Then at intervals Jimmie would stop and take just and unswerving measure of what they had done. At the first, in building the finished story out of the materials which they both had furnished, Jimmie had tried to make Augusta sit in judgment with him, had tried to consult with her as to what should go in and what should be left out. But Augusta would have none of this office. Jimmie was trained in the craft, and he must take the responsibility of selection and rejection. That was the way she put it. And Jimmie answered:
"You're a bigger man than I am, Augusta. Without at least a howl, I couldn't let William Shakespeare—and he's had time to learn some things, if he's been reading the things the critics say about his work—but I couldn't let even him maul my stuff the way I do yours."
"Well, I wouldn't let William Shakespeare do it, either." And Jimmie answered:
So Augusta copied, faithfully and without comment or question, the story as Jimmie edited it.
In this time they were curiously detached and tolerant. They did not demand so much of each other. And, though neither of them would have admitted it, this was a relief. They were very far from being tired of each other. But, it is humanly impossible for two normal, independent willed people to live through the hours of every day and night for months in the exclusive society of each other without feeling a strain. Good nature, good sense, and even gentle, thoughtful love will fail sometime. And two people are, after all, just two human beings.
Now, when the mind of each of them was busy during waking hours with the doings of other people whom it was creating and trying to manage, Jimmie and Augusta each found that the other was delightfully easy to get along with. They came and went, worked or played, and Jimmie hunted and Augusta fished, when Jimmie wanted to hunt and when Augusta wanted to fish. Which arrangement they found to be immeasurably better, after all, than the one in which each had been laboriously trying to do only the things that the other wanted.
Jimmie had not forgotten that the problem of Donahue was before them. Augusta had spoken of it only that once, but he knew that she felt bound to sell the horse and that neither argument nor heart-break would deter her from what she conceived to be duty. He had, however, a hope—which he did not mention—that perhaps Augusta would not be able to sell Donahue, for any amount that would be worth considering, and that, finally, she would allow him to try to get some money out of scraps of stories. He was sure that he could hatch up some fairly good ones now. So he said nothing, and waited. For them, and for what they had needed, Donahue was the ideal horse. There was none to equal him. But as an article of commerce in the open and unprejudiced market Jimmie did not believe that Donahue would bring very much money. It was probable that most of the farmers in the hills had already more cattle and horses than they cared to feed through the winter. And it did not seem likely that any of them would pay a high price for the privilege of feeding Donahue through five or six months of idleness.

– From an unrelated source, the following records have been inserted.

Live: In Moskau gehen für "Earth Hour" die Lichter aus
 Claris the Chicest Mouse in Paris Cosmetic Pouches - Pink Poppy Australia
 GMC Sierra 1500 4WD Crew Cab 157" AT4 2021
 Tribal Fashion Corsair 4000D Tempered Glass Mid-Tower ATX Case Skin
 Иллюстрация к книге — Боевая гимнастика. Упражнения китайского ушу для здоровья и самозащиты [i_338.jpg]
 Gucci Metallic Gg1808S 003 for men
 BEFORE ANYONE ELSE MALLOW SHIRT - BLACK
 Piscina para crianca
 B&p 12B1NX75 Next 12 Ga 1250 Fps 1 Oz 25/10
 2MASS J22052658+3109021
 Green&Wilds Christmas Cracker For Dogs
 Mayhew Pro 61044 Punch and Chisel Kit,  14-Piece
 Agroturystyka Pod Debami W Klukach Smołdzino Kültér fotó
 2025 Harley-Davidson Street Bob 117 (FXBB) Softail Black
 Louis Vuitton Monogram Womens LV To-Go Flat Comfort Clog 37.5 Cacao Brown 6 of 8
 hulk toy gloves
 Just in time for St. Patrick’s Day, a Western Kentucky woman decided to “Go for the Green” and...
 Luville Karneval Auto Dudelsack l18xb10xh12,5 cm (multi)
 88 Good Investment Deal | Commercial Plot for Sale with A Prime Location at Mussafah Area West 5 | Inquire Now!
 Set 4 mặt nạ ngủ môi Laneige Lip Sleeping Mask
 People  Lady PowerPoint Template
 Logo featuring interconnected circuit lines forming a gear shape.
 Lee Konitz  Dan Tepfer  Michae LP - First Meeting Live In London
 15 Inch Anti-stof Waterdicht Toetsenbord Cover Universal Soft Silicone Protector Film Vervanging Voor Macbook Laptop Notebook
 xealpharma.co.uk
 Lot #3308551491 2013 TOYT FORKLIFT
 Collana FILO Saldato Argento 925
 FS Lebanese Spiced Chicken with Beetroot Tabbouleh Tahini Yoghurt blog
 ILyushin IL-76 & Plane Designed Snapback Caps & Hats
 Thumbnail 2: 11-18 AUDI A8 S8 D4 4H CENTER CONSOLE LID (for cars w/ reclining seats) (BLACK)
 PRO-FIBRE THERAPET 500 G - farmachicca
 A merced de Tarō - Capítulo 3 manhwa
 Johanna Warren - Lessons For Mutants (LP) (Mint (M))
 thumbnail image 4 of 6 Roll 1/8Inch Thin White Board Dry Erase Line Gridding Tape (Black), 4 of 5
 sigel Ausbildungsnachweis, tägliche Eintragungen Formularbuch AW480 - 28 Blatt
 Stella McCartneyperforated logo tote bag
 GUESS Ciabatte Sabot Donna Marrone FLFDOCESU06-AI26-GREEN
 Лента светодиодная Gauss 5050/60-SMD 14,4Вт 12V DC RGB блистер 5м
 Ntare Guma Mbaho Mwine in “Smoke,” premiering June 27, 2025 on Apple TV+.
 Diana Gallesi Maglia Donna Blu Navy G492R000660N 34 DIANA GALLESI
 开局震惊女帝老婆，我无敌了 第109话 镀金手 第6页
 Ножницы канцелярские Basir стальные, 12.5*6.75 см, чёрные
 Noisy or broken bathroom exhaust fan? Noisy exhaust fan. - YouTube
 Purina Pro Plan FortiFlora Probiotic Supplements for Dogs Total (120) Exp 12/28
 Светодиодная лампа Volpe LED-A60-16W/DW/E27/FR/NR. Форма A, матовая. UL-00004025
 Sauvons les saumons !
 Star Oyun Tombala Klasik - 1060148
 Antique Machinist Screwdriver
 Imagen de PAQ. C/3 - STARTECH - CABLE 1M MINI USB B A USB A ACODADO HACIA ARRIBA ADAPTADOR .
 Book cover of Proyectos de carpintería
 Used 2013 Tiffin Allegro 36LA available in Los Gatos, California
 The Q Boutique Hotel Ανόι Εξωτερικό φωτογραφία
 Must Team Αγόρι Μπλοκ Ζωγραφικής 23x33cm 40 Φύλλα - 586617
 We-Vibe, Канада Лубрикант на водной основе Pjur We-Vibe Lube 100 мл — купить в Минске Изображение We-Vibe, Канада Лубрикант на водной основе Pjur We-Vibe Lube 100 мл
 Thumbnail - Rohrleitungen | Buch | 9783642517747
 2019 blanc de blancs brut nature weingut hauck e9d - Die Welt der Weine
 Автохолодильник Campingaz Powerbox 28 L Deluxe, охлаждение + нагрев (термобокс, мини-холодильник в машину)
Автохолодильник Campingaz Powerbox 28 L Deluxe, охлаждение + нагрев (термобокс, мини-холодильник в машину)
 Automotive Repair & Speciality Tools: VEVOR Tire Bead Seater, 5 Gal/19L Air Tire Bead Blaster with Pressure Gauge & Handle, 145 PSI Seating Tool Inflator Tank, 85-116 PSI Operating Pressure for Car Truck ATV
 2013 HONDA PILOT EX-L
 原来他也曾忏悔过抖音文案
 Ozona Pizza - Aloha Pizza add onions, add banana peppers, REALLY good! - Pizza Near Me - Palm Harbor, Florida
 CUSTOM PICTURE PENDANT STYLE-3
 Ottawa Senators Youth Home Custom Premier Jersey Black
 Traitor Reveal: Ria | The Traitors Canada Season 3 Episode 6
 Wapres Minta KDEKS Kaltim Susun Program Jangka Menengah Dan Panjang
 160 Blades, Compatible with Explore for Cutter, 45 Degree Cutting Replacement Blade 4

Of course, he underestimated Augusta's perseverance and business force.
On a gray October morning when there was already a threat of snow in the air Jimmie went rabbit hunting over the bowl of hills that encircled their little lake. He took no lunch, for he intended to be home before midday. But rabbits are not to be depended on in any weather. Besides, Jimmie followed a fox for two useless, scrambling hours. Therefore it was the middle of the short afternoon when Jimmie came home. The one big bare room which was the house they lived in, and which Augusta's warming, coloring personality alone had made into a home, was cold and dreary even after the brown bleakness of the hills. The fire must have been out for hours. Jimmie was tired and hungry, and he missed Augusta discontentedly.